Task prompt: Below is a listing to repeat exactly, with its pictures left out.

(Beginning of Available data)

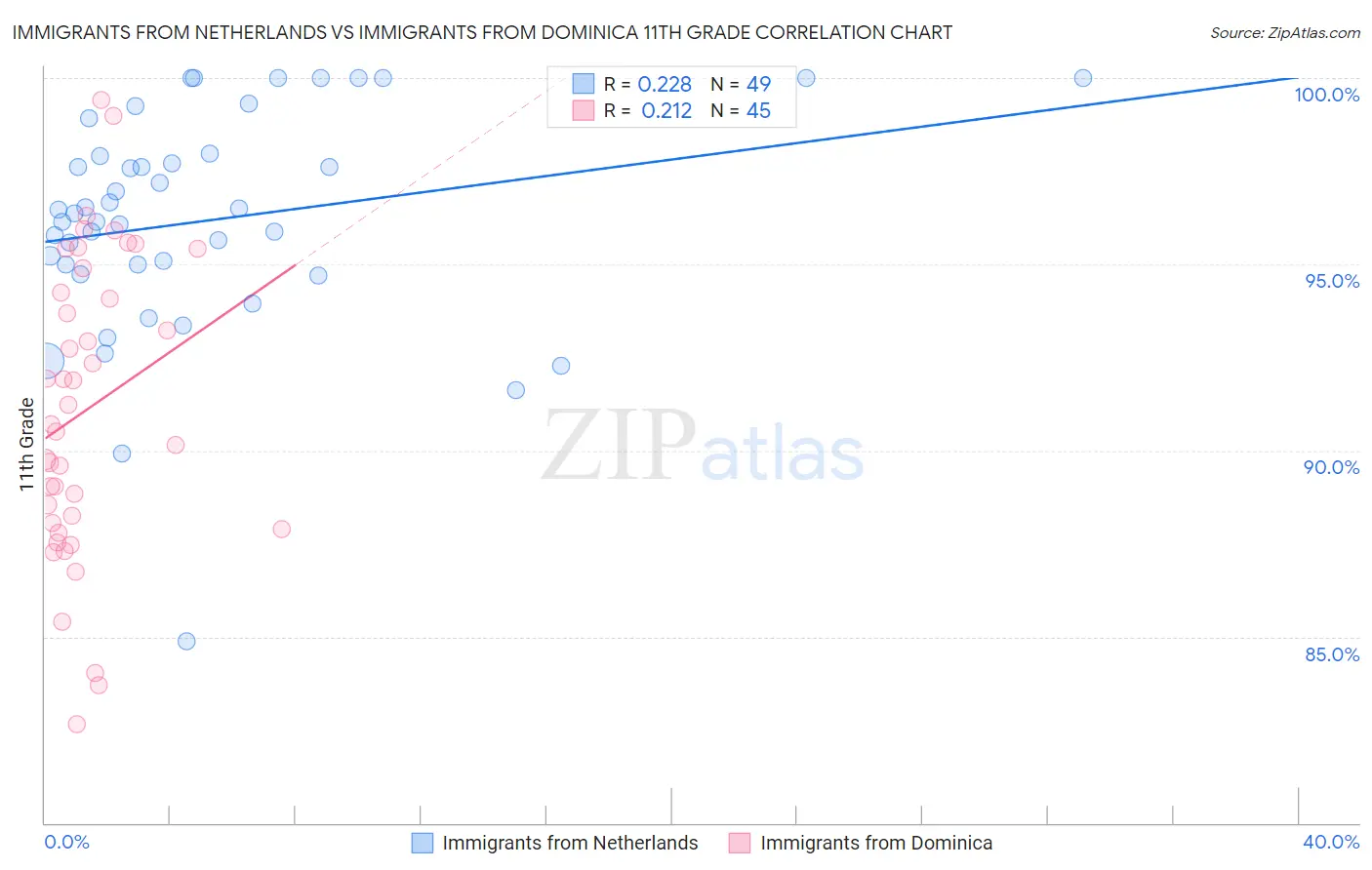 Immigrants from Netherlands vs Immigrants from Dominica 11th Grade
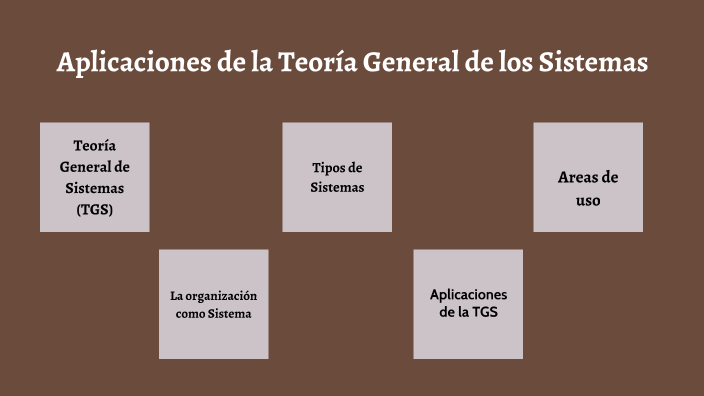 Aplicaciones De La Teoría De Sistemas By Alexandra Hidalgo On Prezi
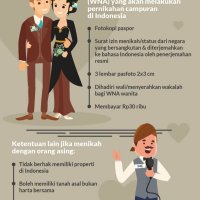 ayah aku tidak mau menikah bahasa indonesia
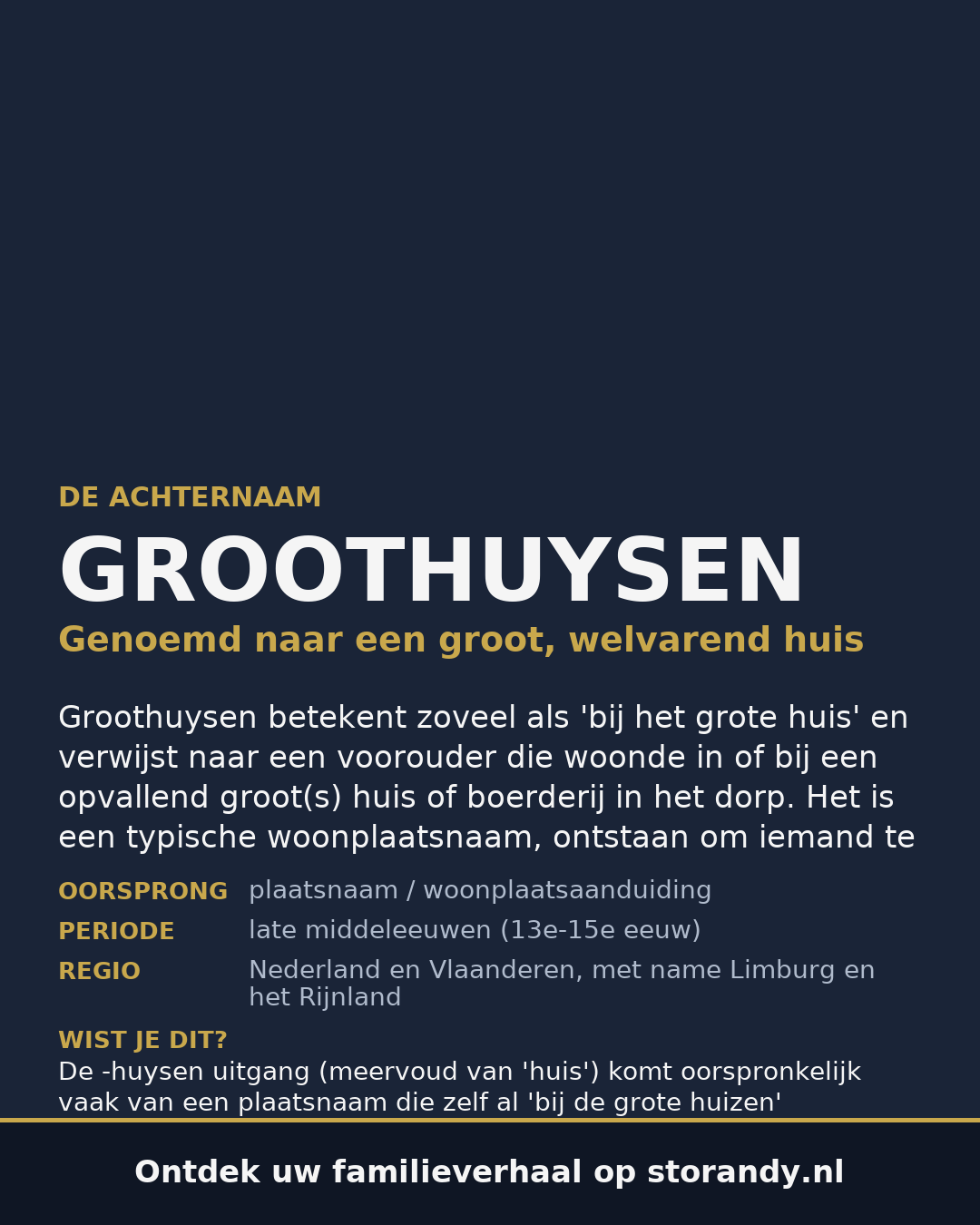 Familiewapen van de achternaam GROOTHUYSEN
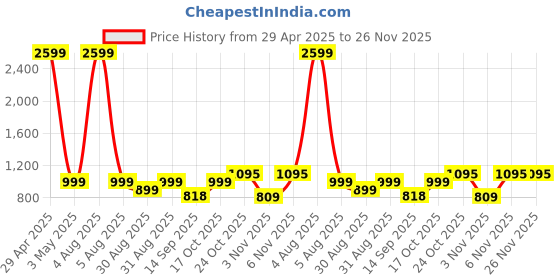myntra.com Kaali Peeli Women Floral Polyester Crop Tailored Jacket with Embroidered kaali peeli Price History Graph from 29 Apr 2025 to 25 Nov 2025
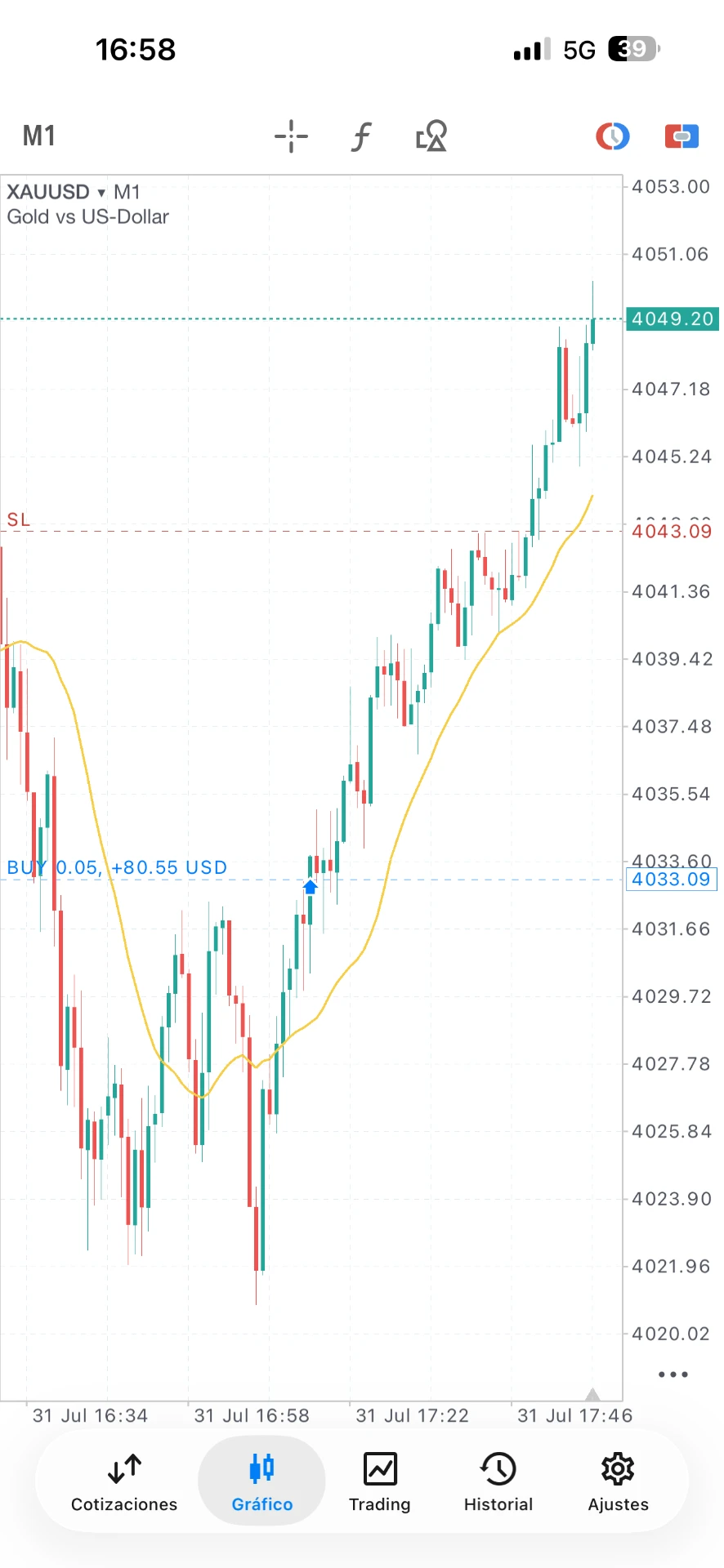 Operación XAU/USD en positivo con el indicador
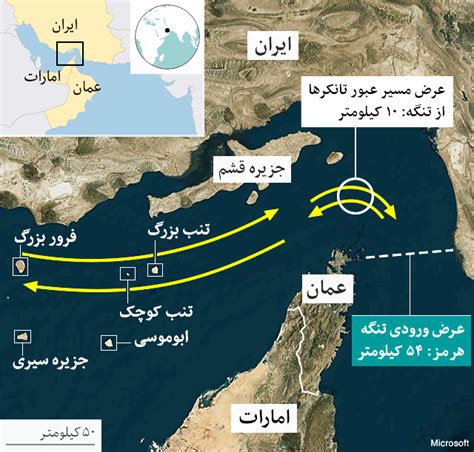 اختلافات ایران و انگلیس در خلیج فارس بامداد امید صبا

(End of Available data)

The completed task:
 Immigrants from Netherlands vs Immigrants from Dominica 11th Grade
 Aplicaciones De La Teoría De Sistemas By Alexandra Hidalgo On Prezi
 ayah aku tidak mau menikah bahasa indonesia
 Familiewapen van de achternaam GROOTHUYSEN
myntra.com Kaali Peeli Women Floral Polyester Crop Tailored Jacket with Embroidered kaali peeli Price History Graph from 29 Apr 2025 to 25 Nov 2025
 Operación XAU/USD en positivo con el indicador
 اختلافات ایران و انگلیس در خلیج فارس بامداد امید صبا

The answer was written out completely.